Cependant, le tribunal a conclu que les quatre chefs religieux accusés, ainsi que deux adeptes, avait commis des actes de terrorisme, à savoir des atteintes à la réputation/au caractère, des menaces d’attaques à l’acide et des menaces de mort adressées aux membres d’une faction rivale de la secte Tabliq. Le tribunal a estimé que les actes ont été commis contre des membres de la religion musulmane au cours d’au moins un séminaire à Masaka, lors de réunions au domicile des condamnés et lors de rassemblements dans diverses mosquées à Nakasero, sur William Street à Kampala, et ailleurs, entre décembre 2013 et juin 2015. Que ce soit à des fins politiques, religieuses, économiques ou sociales, les actes ont été commis sans distinction au regard de la sécurité publique.

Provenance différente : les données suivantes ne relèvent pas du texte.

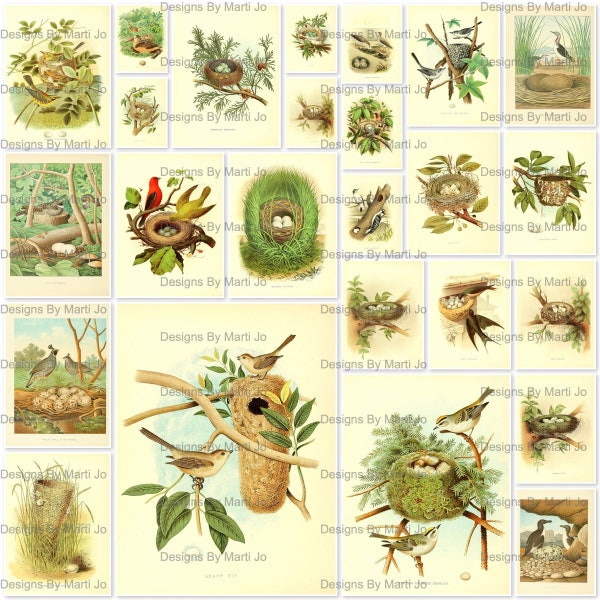 25 Vintage Vogelnester 6-Zoll-Digital-Dateien | Druckbare Vogelbilder | BONUS: Ein JPG und PDF aller Bilder (5x5) | VA19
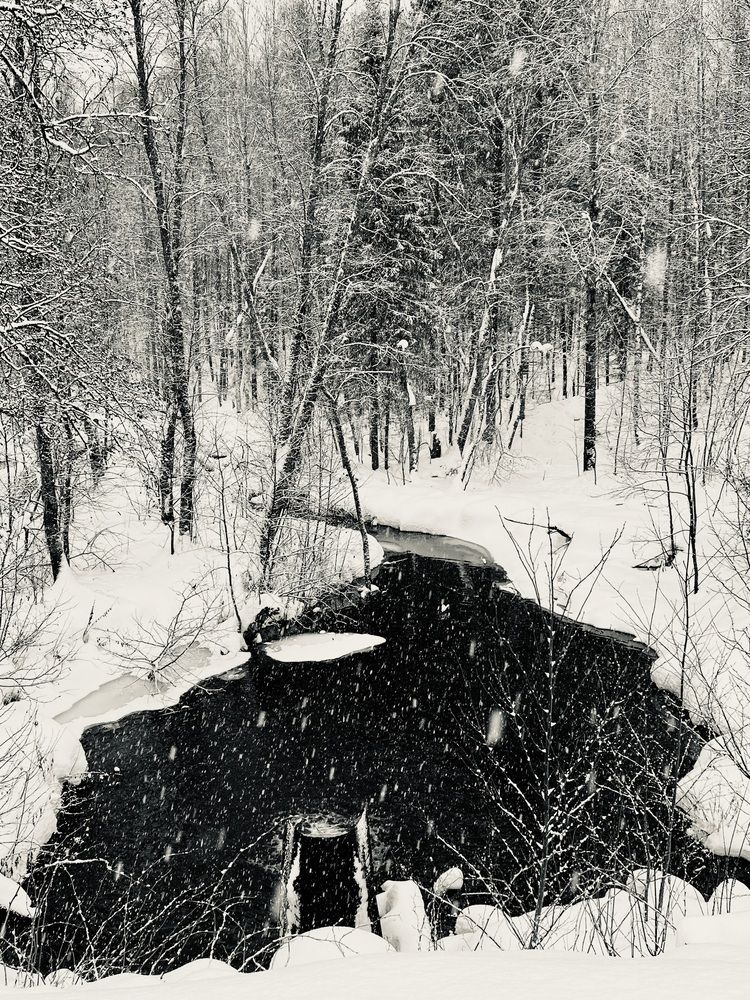 Photograph by Татьяна Михайловна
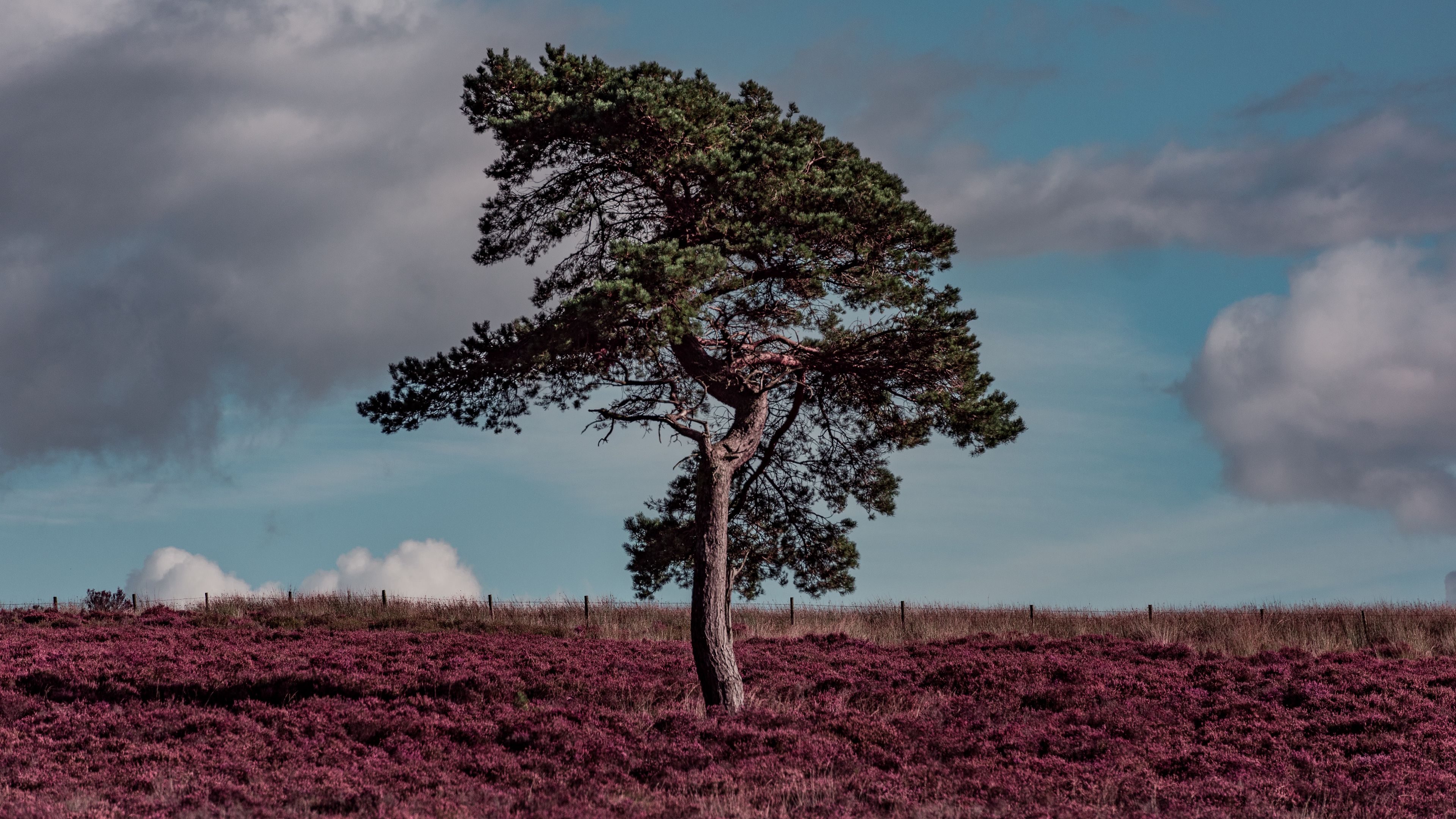 tree, erica arborea, grass, field, 4k, HD Wallpaper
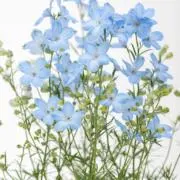 ミント✿即購入・まとめ買い歓迎✿の画像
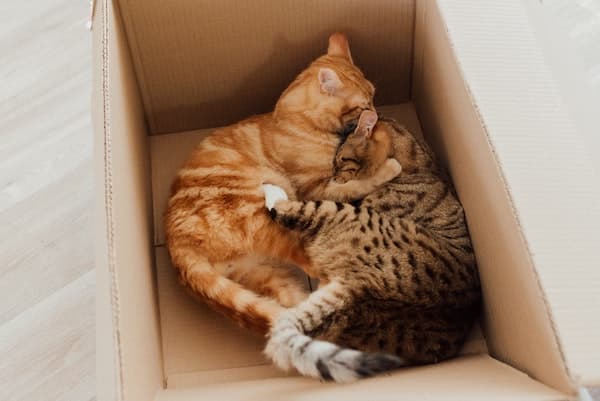 Two cats curl up in a cardboard box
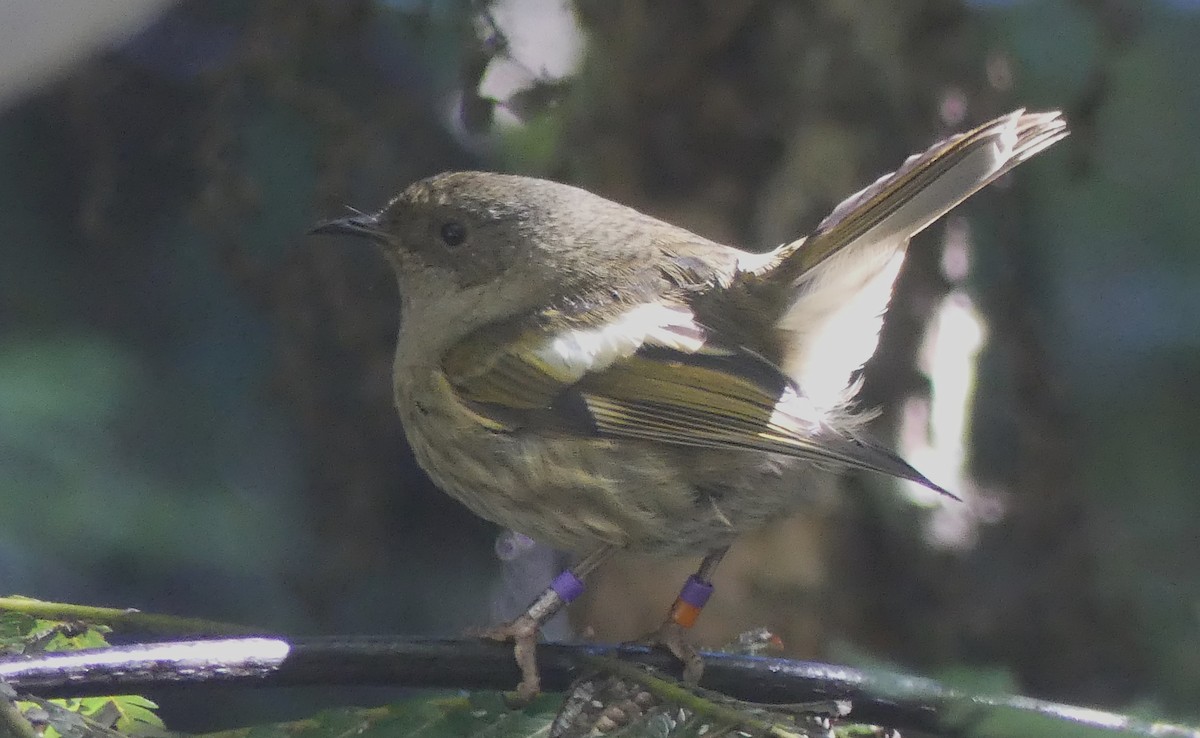 シロツノミツスイ - ML646390422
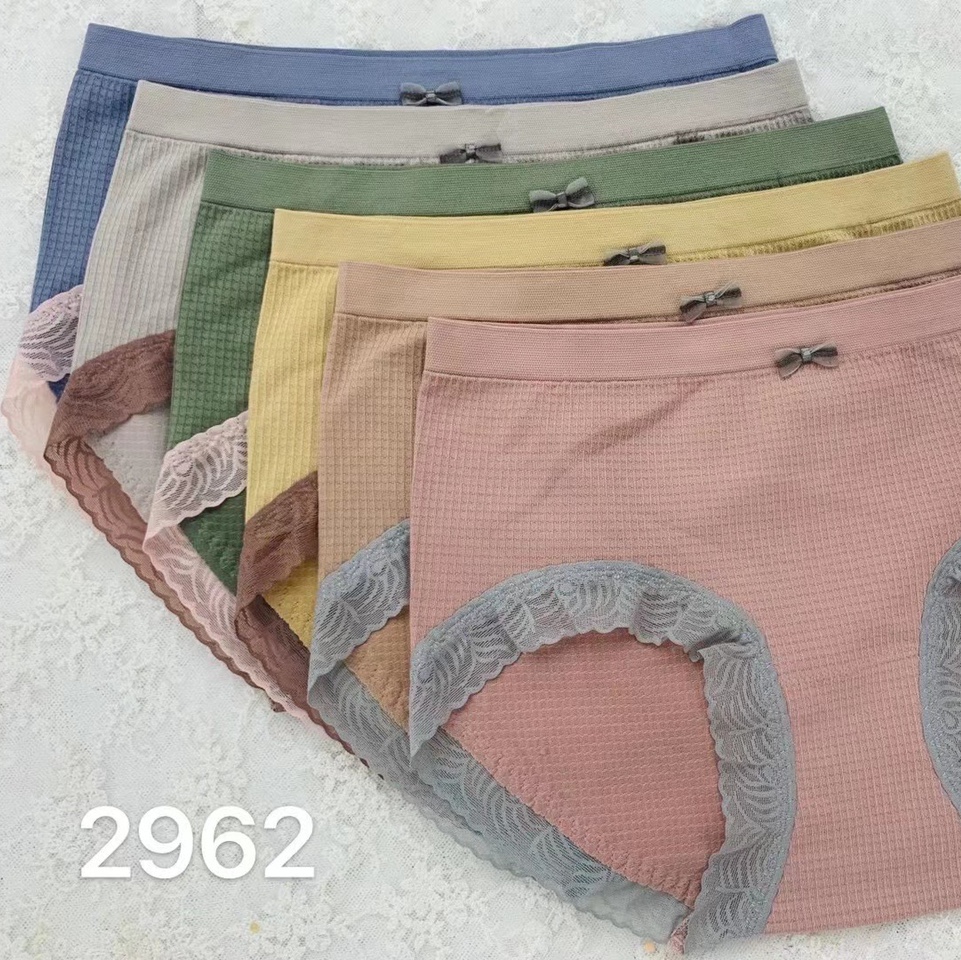 2962 Seamless underwear
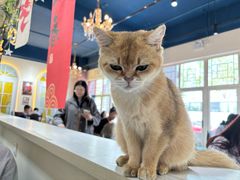-猫小院猫主题餐厅(南锣旗舰店)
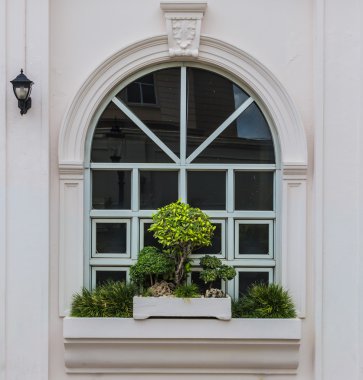 bonsai dekorasyonu ile kemer penceresi
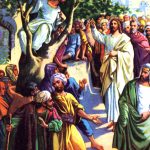 Jesus of Nazareth 3 - Zaccheus Climbs a Tree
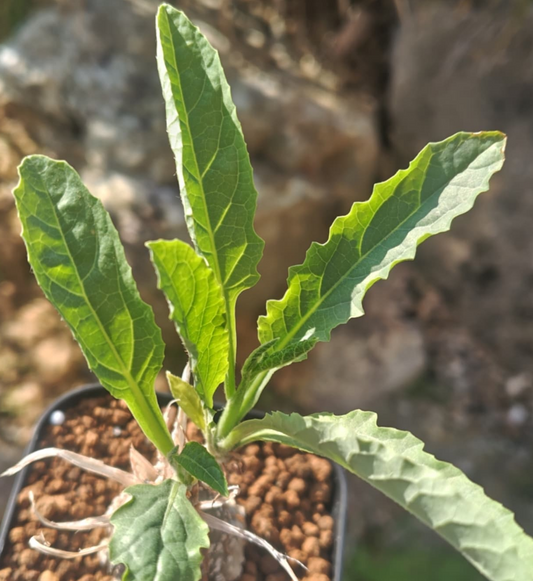 Cephalopentandra ecirrhosa 4 Pieces Seeds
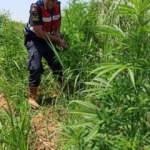 Drone'un tespit ettiği sazlık alana jandarmadan operasyon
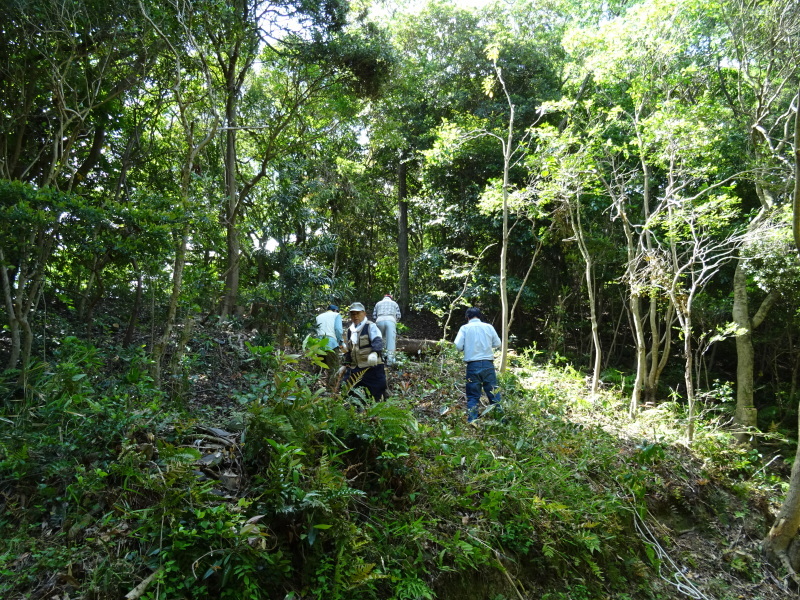c0108460_20195887.jpg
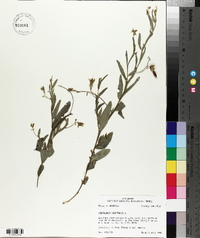 Crotalaria sagittalis image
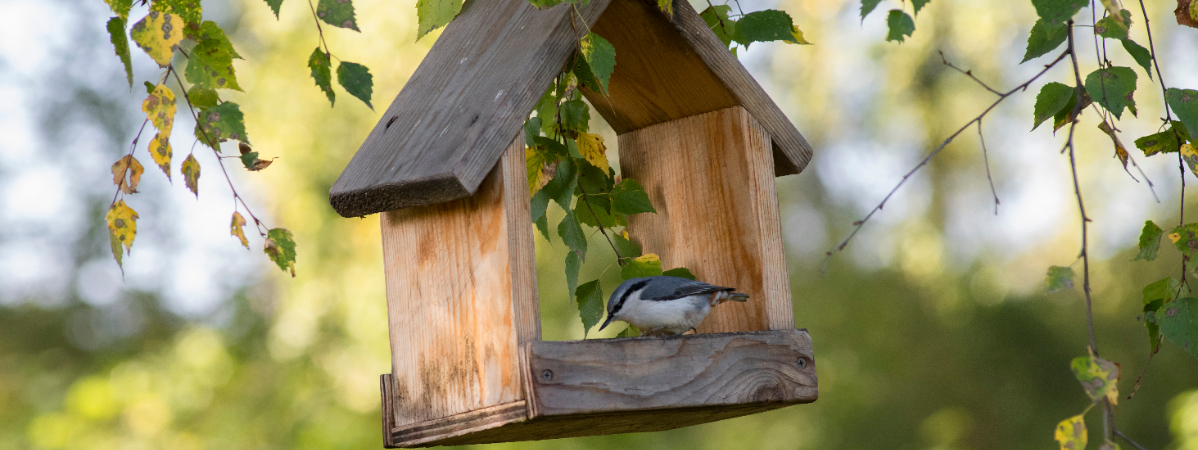 Richt jouw tuin vogelvriendelijk in met de producten van de Tuinwinkel Online!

Le tribunal a estimé que les actes étaient destinés à intimider des membres de la communauté musulmane ainsi que le reste du public et qu’ils l’ont effectivement fait. Par conséquent, il a condamné les quatre chefs religieux à des peines de réclusion criminelle à perpétuité et les deux adeptes à 30 ans de réclusion criminelle.

Dossier connexe

 

Points importants à noter

  • Factionalisme religieux et terrorisme
  • Recrutement de jeunes à des fins terroristes
  • Condamnation en vertu de la loi antiterroriste (Anti-terrorist Act)
 

Questions de discussion

  • Quelles caractéristiques de la criminalité organisée identifiez-vous dans cette affaire ?
  • Analysez comment le modèle d'activités s'inscrit dans les cadres théoriques étudiés dans ce module.
  • Examinez et commentez les considérations du tribunal concernant les preuves de recrutement de jeunes.